### INPUT MATERIAL

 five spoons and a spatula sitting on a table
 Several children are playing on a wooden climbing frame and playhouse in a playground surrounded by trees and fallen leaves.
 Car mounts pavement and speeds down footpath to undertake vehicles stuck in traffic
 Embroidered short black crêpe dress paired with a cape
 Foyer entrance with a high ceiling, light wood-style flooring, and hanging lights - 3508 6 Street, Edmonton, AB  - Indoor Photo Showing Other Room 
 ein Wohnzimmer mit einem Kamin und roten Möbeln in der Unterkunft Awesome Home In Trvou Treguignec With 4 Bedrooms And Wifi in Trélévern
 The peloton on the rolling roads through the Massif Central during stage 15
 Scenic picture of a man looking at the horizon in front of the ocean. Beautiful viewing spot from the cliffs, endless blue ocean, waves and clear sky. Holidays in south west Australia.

######
### INPUT MATERIAL

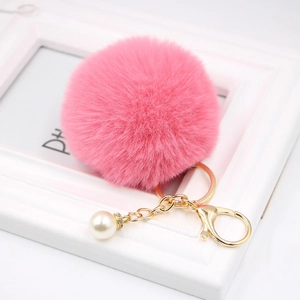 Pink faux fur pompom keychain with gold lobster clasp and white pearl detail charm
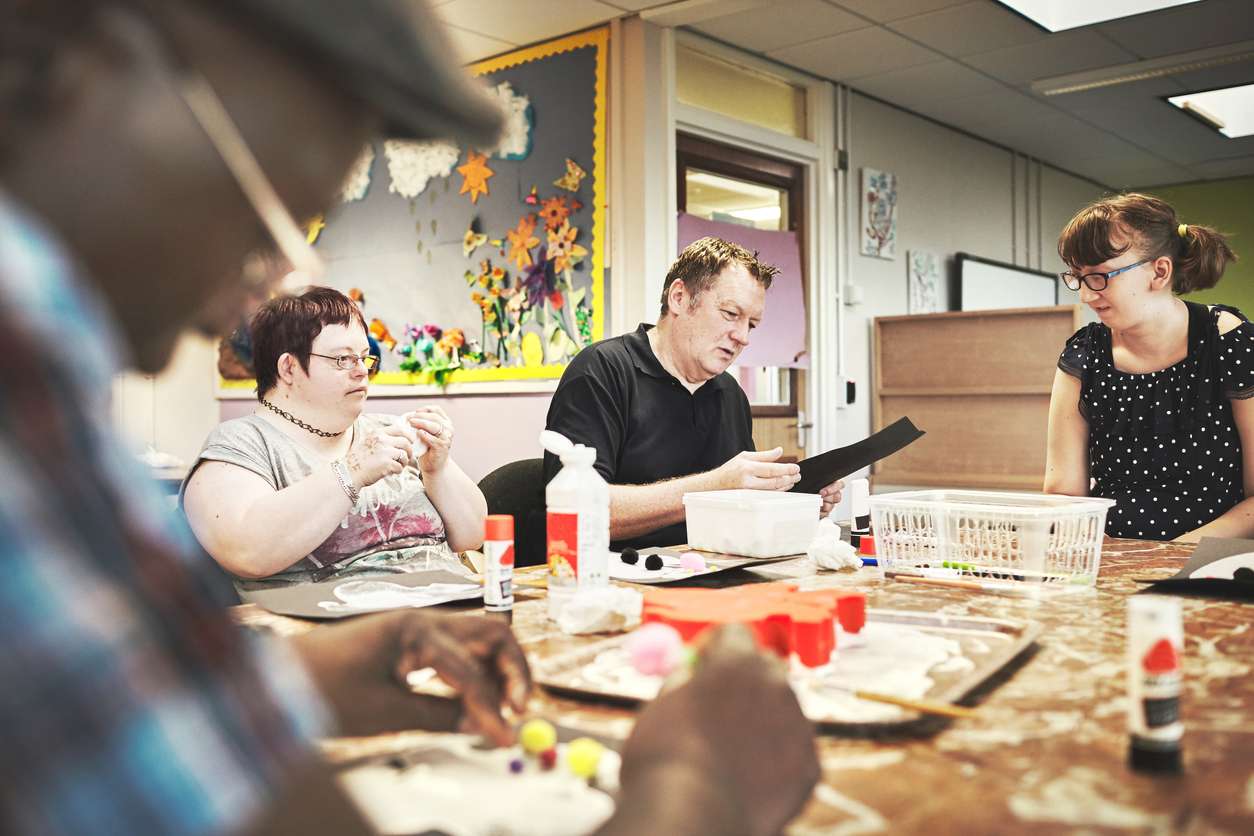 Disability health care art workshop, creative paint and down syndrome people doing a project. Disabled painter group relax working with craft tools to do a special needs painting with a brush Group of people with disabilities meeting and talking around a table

######
### INPUT MATERIAL

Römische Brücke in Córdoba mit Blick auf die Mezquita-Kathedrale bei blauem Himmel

######

--- TRY IT ---
Would you print, exactly as written, every line above from the one holding "Foyer entrance with" through the one holding "Scenic picture of", with both included and no other lines?

--- OUTPUT OF THE TASK ---
 Foyer entrance with a high ceiling, light wood-style flooring, and hanging lights - 3508 6 Street, Edmonton, AB  - Indoor Photo Showing Other Room 
 ein Wohnzimmer mit einem Kamin und roten Möbeln in der Unterkunft Awesome Home In Trvou Treguignec With 4 Bedrooms And Wifi in Trélévern
 The peloton on the rolling roads through the Massif Central during stage 15
 Scenic picture of a man looking at the horizon in front of the ocean. Beautiful viewing spot from the cliffs, endless blue ocean, waves and clear sky. Holidays in south west Australia.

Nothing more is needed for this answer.